I have always been fascinated by the type of agent that have been variously termed leaders, brokers or political entrepreneurs. I believe the literature over-estimates their impact and under-estimates their agency. That is, there is a tendency to mythologise them, put them on a pedestal and ascribe to them messianic qualities. While at the same time there is a tendency to simplify the means through which they deploy their agency. Network analysis can help us understand both the direct and indirect effects of their agency.
In earlier work with Karin Ingold we found that:
“policy entrepreneurs are central in both Bonacich power measures and a structural hole advantage through Burt’s effective size measure. Policy entrepreneurs therefore have at the same time high levels of centrality and high levels of network brokerage. Such a relational profile implies informational advantage and high levels of influence. Policy brokers rank high on honest brokerage which implies that they are unique interlocutors between different segments of a network. Making this distinction allow us to disambiguate the agency of political brokers and entrepreneurs but also classify a new class of agency we term here exceptional, to portray the relational profile of those agents that oscillate between roles.”

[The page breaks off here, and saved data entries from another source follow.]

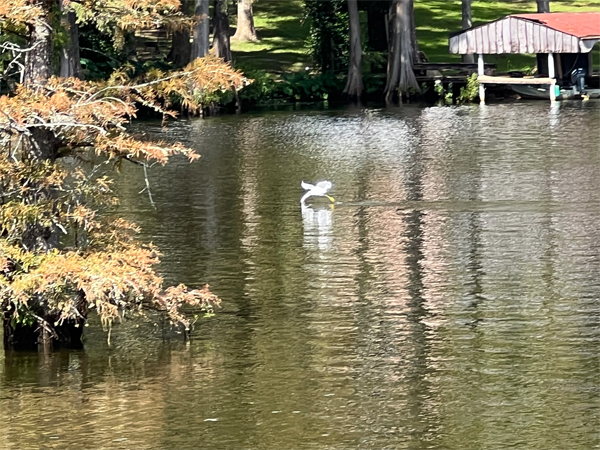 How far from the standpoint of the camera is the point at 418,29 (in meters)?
70.4

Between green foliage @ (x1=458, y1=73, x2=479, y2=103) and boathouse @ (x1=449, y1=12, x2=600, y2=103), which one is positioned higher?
boathouse @ (x1=449, y1=12, x2=600, y2=103)

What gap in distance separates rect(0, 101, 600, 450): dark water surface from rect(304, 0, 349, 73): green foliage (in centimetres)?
3129

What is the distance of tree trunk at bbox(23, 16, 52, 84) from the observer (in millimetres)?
14297

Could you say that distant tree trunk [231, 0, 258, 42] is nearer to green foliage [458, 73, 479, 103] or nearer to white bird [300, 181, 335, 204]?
green foliage [458, 73, 479, 103]

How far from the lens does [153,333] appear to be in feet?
52.7

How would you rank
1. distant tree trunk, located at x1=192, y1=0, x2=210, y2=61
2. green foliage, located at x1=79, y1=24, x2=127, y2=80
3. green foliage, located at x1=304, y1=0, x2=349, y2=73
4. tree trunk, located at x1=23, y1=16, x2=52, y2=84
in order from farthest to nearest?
1. green foliage, located at x1=304, y1=0, x2=349, y2=73
2. green foliage, located at x1=79, y1=24, x2=127, y2=80
3. distant tree trunk, located at x1=192, y1=0, x2=210, y2=61
4. tree trunk, located at x1=23, y1=16, x2=52, y2=84

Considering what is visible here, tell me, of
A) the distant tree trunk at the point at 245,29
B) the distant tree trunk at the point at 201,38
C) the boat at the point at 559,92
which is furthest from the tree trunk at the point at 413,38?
the distant tree trunk at the point at 245,29

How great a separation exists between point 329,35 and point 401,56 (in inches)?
225

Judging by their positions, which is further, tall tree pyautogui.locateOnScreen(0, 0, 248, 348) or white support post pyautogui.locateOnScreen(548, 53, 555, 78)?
white support post pyautogui.locateOnScreen(548, 53, 555, 78)

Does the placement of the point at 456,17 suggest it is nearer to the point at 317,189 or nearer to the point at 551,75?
the point at 551,75

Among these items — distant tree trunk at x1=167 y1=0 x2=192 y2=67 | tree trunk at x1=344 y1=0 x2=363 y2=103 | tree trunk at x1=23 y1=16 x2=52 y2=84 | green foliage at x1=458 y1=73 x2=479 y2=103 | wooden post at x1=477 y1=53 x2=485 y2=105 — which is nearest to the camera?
tree trunk at x1=23 y1=16 x2=52 y2=84

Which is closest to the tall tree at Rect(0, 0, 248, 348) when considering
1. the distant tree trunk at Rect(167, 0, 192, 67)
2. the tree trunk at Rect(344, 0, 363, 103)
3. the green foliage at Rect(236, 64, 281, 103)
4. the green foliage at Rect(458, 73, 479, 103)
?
the green foliage at Rect(236, 64, 281, 103)

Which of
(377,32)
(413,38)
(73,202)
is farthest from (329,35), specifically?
(73,202)

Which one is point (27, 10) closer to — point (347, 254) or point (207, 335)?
point (207, 335) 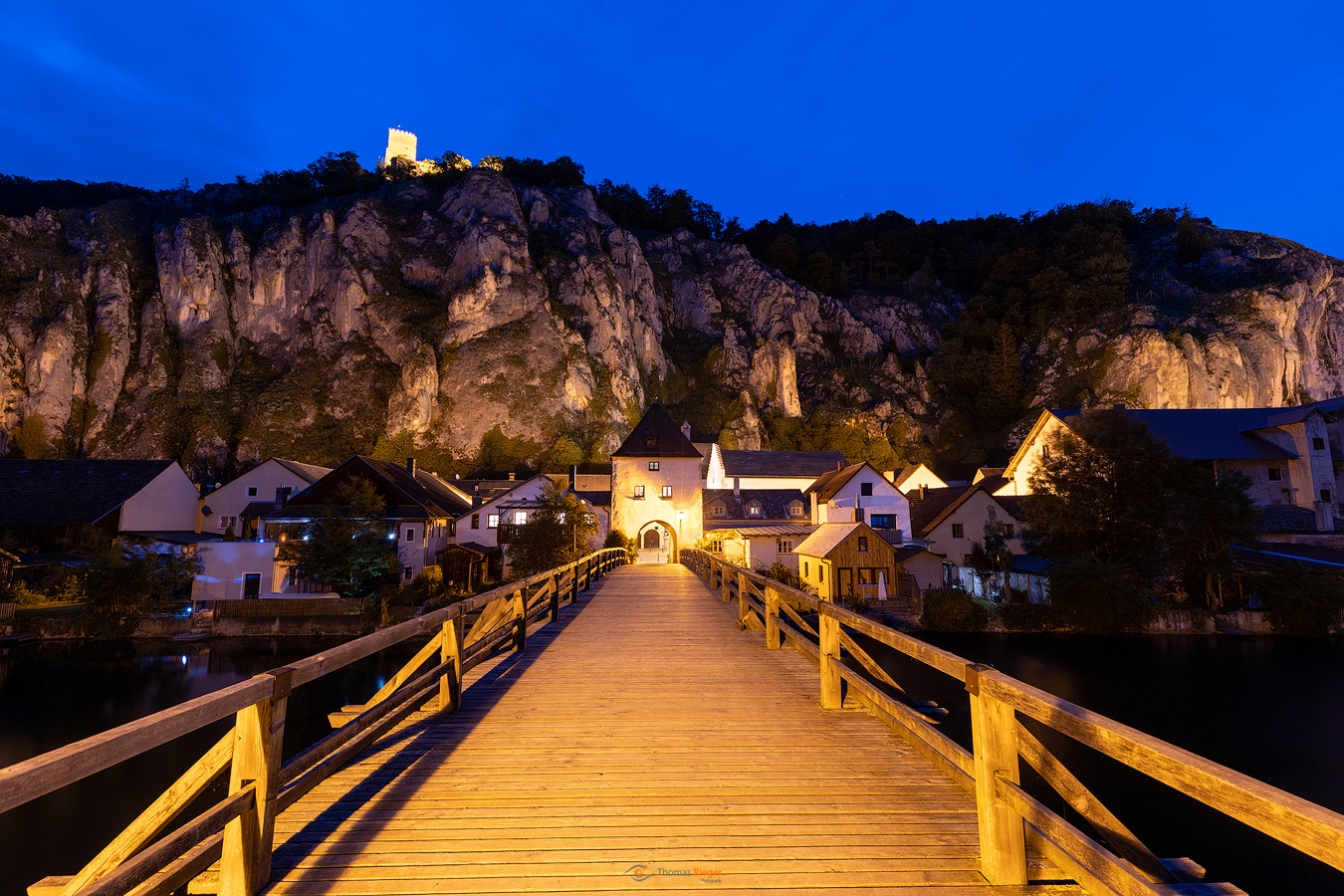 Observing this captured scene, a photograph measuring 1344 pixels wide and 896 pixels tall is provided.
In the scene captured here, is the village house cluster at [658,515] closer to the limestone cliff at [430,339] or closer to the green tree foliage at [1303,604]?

In recent work together with Karin and Manuel Fischer we have found a pattern to the role of brokers and exceptional agents. We conclude with the following statement:
“First, we wanted to know if actors tend to keep exceptional positions within one policy network over time. Generally, they do not, but the few actors that can be identified as exceptional agents through their above-average centrality in the network definitely have the tendency to preserve this network advantage. Second, we asked if exceptional agents manage to create and attract ties significantly over time: again, there is no general tendency for such a mechanism. The overall network follows a “bridge-decay” characteristic. These results are interesting, not only from a conceptual and methodological point of view. If there are actors managing to exploit network advantages and thus political capital systematically, it would be important in terms of effective and efficient policy design to know more about those exceptional agents and their behavior.”
We expect to present this material at the annual ECPR in Glasgow between the 3-6th of September.